October 7, 2021 By Daniel Mermelstein 5 min read

This post provides advice and recommendations of best practices when using IBM Cloud Databases for MongoDB Standard and Enterprise plans. 

We hope it will be useful for developers and administrators that are going to use IBM Cloud Databases for MongoDB. It summarises our experience of some questions our customers have when running MongoDB deployments on the IBM Cloud. This document assumes that the reader is familiar with MongoDB, as it will mainly deal with the differences between a self-hosted MongoDB cluster and one deployed and managed by IBM.

The recommendations are at the bottom of the blog post, but we highly recommend reading the whole post to understand the underlying context around our recommendations. We also recommend using our Getting-to-Production Checklist to make sure you are incorporating all best practices for adopting IBM Cloud Databases

IBM Cloud Databases for MongoDB

Databases for MongoDB deployments consist of a three-node replica set deployed in three different availability zones. There is one primary in one zone and two secondary members in two additional separate zones. Both secondaries can become the primary in an election.

These replica sets provide additional fault tolerance and High Availability. IBM offers a Standard Plan and an Enterprise Plan for MongoDB deployments. You can read more about the features of the different plans here.

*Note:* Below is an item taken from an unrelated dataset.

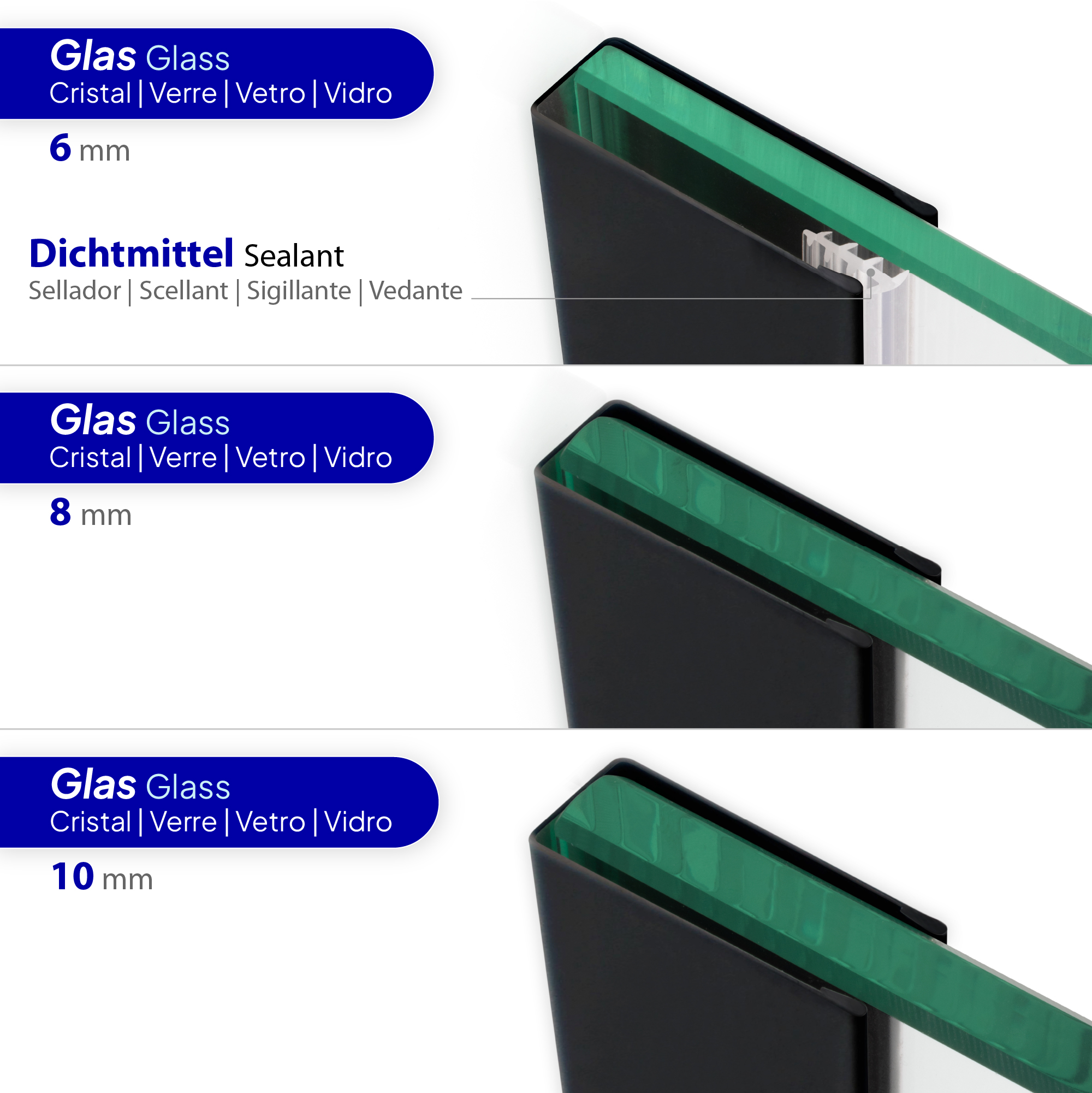 PT01.jpg Premium Wandanschlussprofil Wandprofil aus rostfreiem V2A Edelstahl für Duschabtrennungen, U-Profil mit Bohrungen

Multi-zone deployment of MongoDB Cluster.

Best practice guidelines

Durability vs. accessibility

Like all other distributed databases, MongoDB presents application developers with architectural decisions that involve some trade-offs between data durability (how permanent a data write is) and data availability (how quickly your application can write and read data). The purpose of this document is to examine these trade-offs only in the context of the IBM Cloud Databases deployments of MongoDB.

Generally speaking, data is more durable (i.e., less likely to be lost) if you have more copies of it. In normal circumstances, all data will always end up in all nodes. But your application can decide how long it wants to wait for confirmation of writes before proceeding. This is called a “write concern.” If you set a “write concern” of 1 (w:1), then once the data is written to the first node (primary) the write is acknowledged and your application can proceed (see here for more information about write concerns).

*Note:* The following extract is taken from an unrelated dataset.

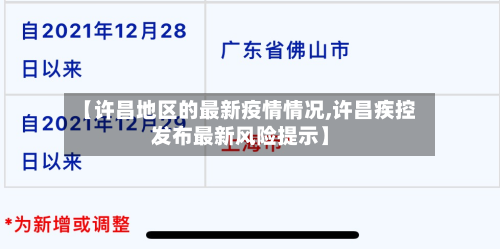 【许昌地区的最新疫情情况,许昌疾控发布最新风险提示】-第1张图片
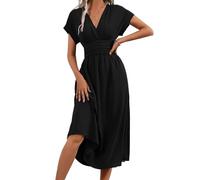 LIAMERHE Vestido Primavera/Verano Manga Corta/Larga Mujer Casual Vestidos Largos Cuello en V Elegante Plisado Vestido Línea A Vestido Largo para Fiesta en Playa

In the case of the Databases for MongoDB deployment, where there is a three-node replica set, you could theoretically set a “write concern” of 3 (w:3). In that case, your application would have to wait for all nodes (primary and two secondaries) to acknowledge the write before proceeding. 

By doing this you can, in effect, get very close to an RPO (Recovery Point Objective) of 0, because it is highly unlikely that any data write will be lost (as you would have to suffer a disastrous simultaneous loss of three nodes that are physically located in three separate physical locations).

However, this is not a workable solution because that would risk your application writes being potentially blocked during expected maintenance events, as well as during unexpected failures on secondaries.

Similarly, when reading data, there are also trade-offs. You can read from the primary, which normally guarantees the latest data but puts more pressure on the primary (which is already handling all the writes). Or you can read from the secondaries, but you have a higher chance of getting stale data. Refer to the documentation to decide on the best read pattern for your application.

Node availability

Nodes can become unavailable for a number of reasons, including hardware failure or networking problems. Distributed systems are designed to deal with these failures. In the case of MongoDB, if the primary node becomes unavailable, then the remaining nodes enter an automatic “election process,” where they elect a new primary node and continue to operate. But this election process can take a number of seconds, during which writing to the database is blocked (see the docs for more information).

In addition, IBM performs regular security and feature updates to keep your database safe, compliant and exciting to use. Upgrades will not cause write or read blocks if you follow the recommendation below regarding write concerns. You can learn more about these in our Application High Availability section. 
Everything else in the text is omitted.